Saya yang berjarak sekitar 7km dari Sarinah, merasakan suasana mencekam. Jakarta akan jatuh kah? Apalagi ada berita teroris dengan AK47 naik motor trail ke arah istana. Olympus Has Falen versi nyata kah?
Lalu kenapa di dekat Sarinah ada tukang sate yang tetap asyik dengan panggangannya? Saya menduga karena beliau tidak pegang HP. Suasana mencekam tadi -menurut saya- lebih dikarenakan too much information yang tidak bisa dipertanggungjawabkan. Kita dibanjiri informasi dengan jumlah sangat banyak dalam satu waktu yang semuanya memunculkan rasa takut. Maka tidak ada pilihan bagi kita kecuali takut. Bapak penjual sate itu tidak takut, pedagang asongan tetap berjualan, tp teman-teman saya yang berkantor di Thamrin, mereka takut. Kenapa? Karena mereka bisa mengakses informasi. Dan sayangnya, hampir semua info beredar yang saya sebutkan di attas, hoax.

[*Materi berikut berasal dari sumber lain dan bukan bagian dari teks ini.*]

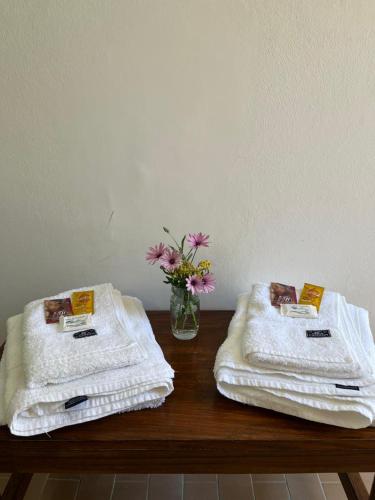 Un pat sau paturi într-o cameră la Hostal Andino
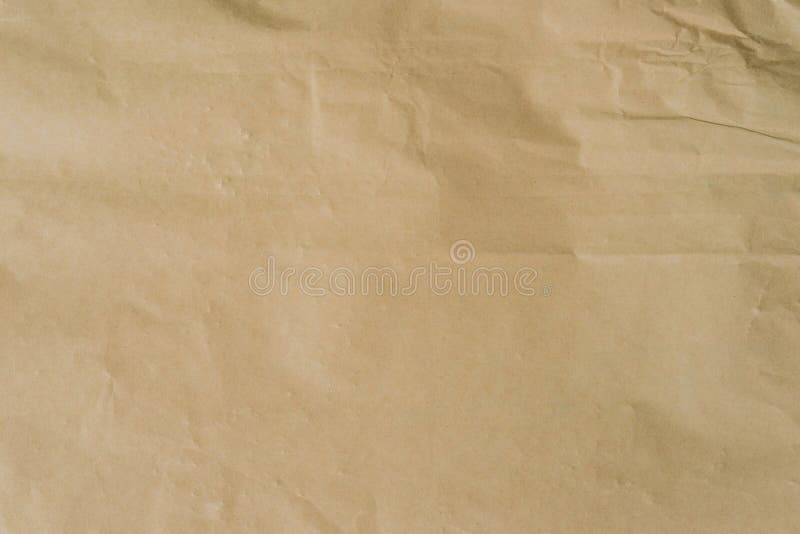 Kraft brown papier i zmięta tło tekstura z przestrzenią zdjęcia stock Kraft brown papier i zmięta tło tekstura z przestrzenią zdjęcia stock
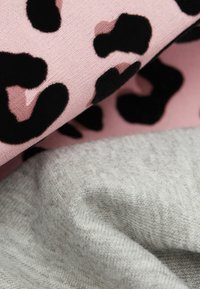 Zwei Stoffmuster: eines in Pink mit schwarzen, flauschigen Leopardenflecken, das andere in hellgrauem Strick, das eine weiche Textur und kontrastierende Muster zeigt.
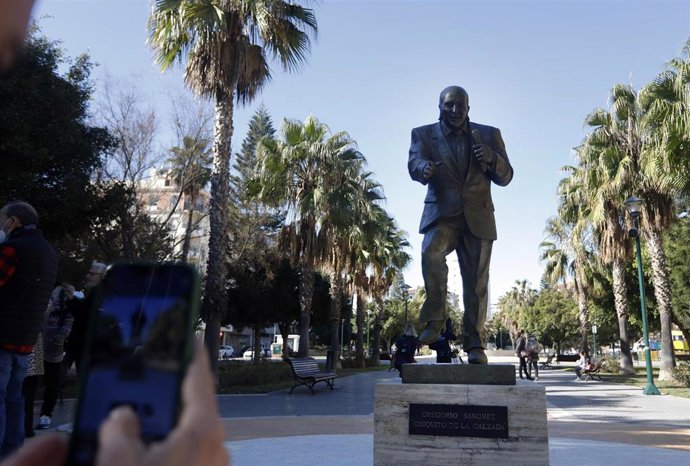 Varias personas se acercan y se hacen fotos con  la nueva escultura al humorista malagueño Gregorio Sánchez, Chiquito de la Calzada, ubicada en el parque público que lleva su propio nombre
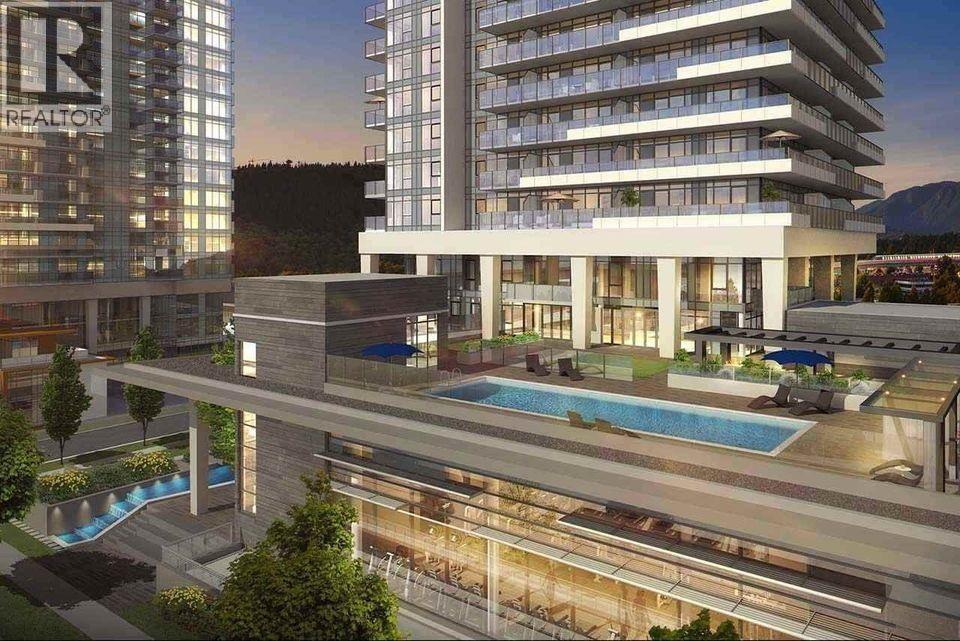 A modern building with a pool in front of it.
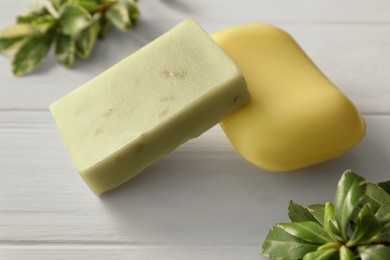 Soap bars and green plants on white wooden table, closeup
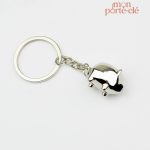 Porte-clé en métal représentant un cochon sympathique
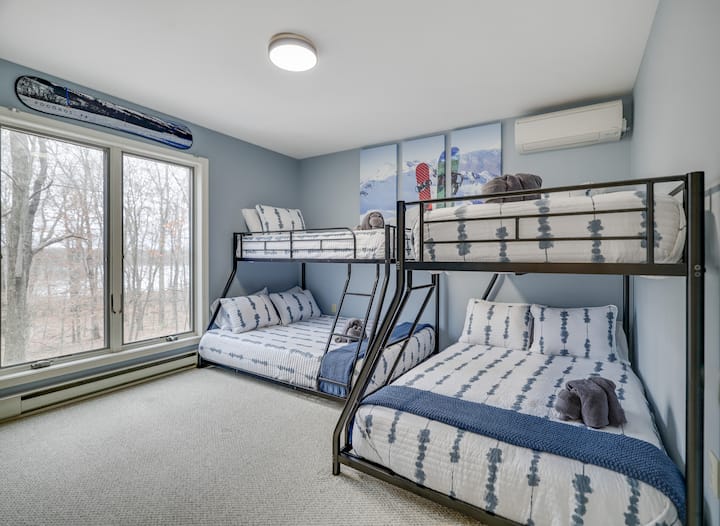 Twin over full bunk bed room includes a 40” HDTV with retro Nintendo.  Even the kids can wake up to lake views.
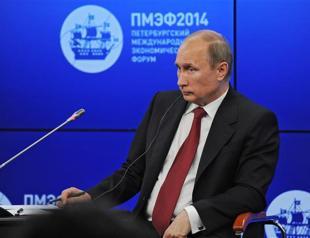 Putin vows to respect Ukraine vote but warns of civil war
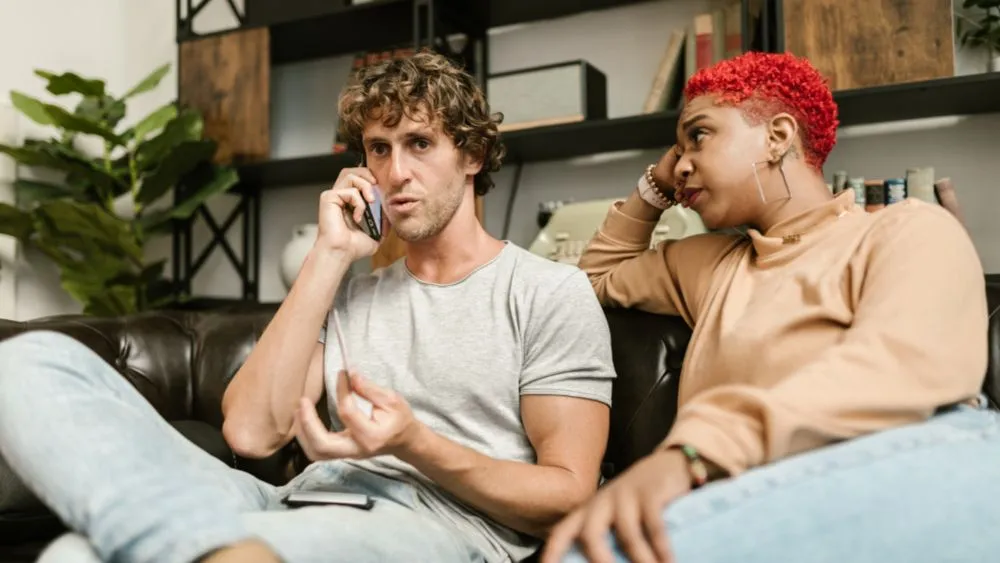 Bezorgd stel op de bank aan de telefoon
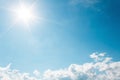 White Clouds on the blue sky with sun shines Royalty Free Stock Photo
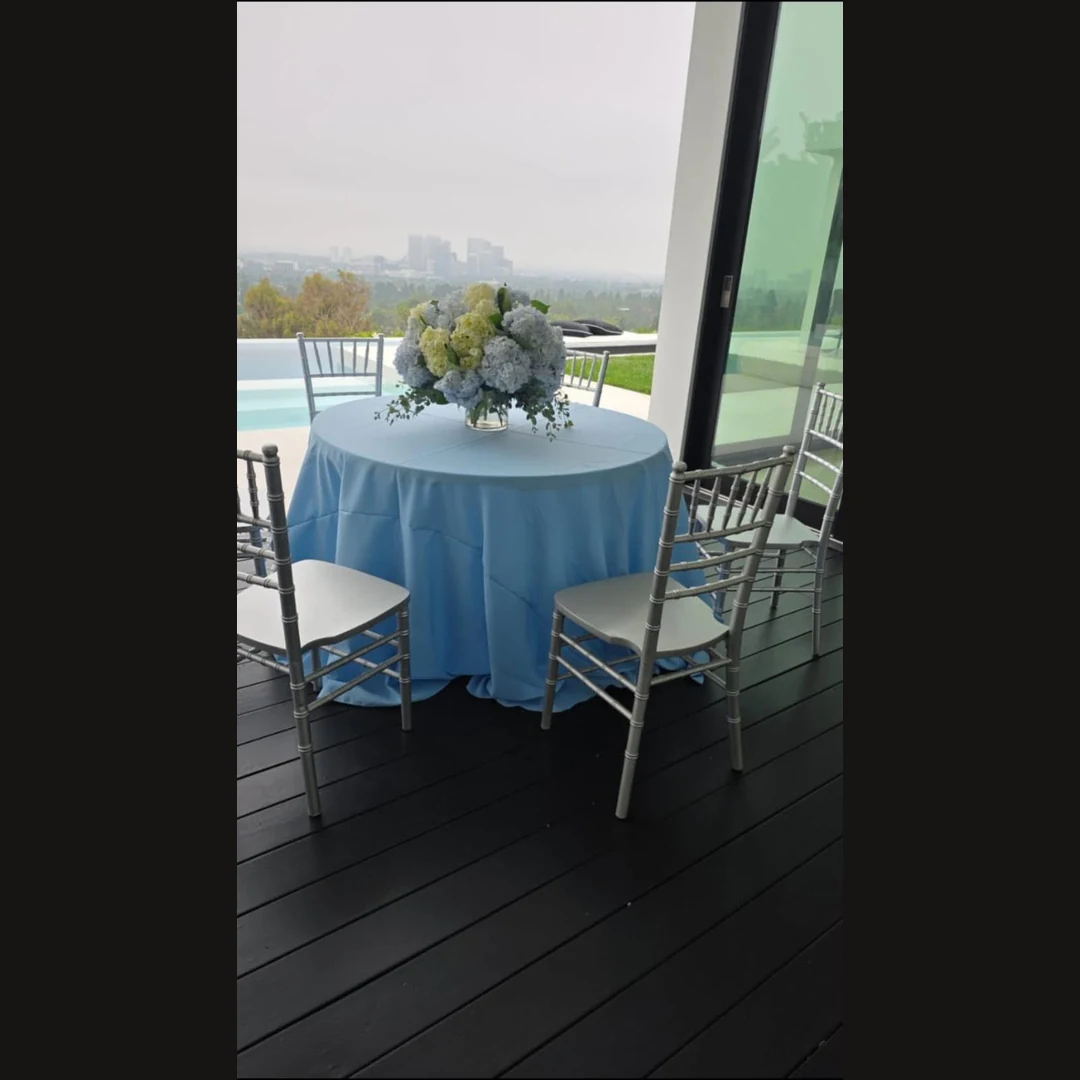 Blue and white floral centerpiece on a blue-draped table beside a pool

Kita takut, karena semua orang menyebarkan ketakutan, dan kita tidak memiliki tempat bertanya informasi dan perkembangan yang akurat. Usul kepada pemerintah untuk membuat sistem "Safety Check" atau Crysis Center tempat rujukan informasi masyarakat ketika ada bencana atau krisis di suatu wilayah.[]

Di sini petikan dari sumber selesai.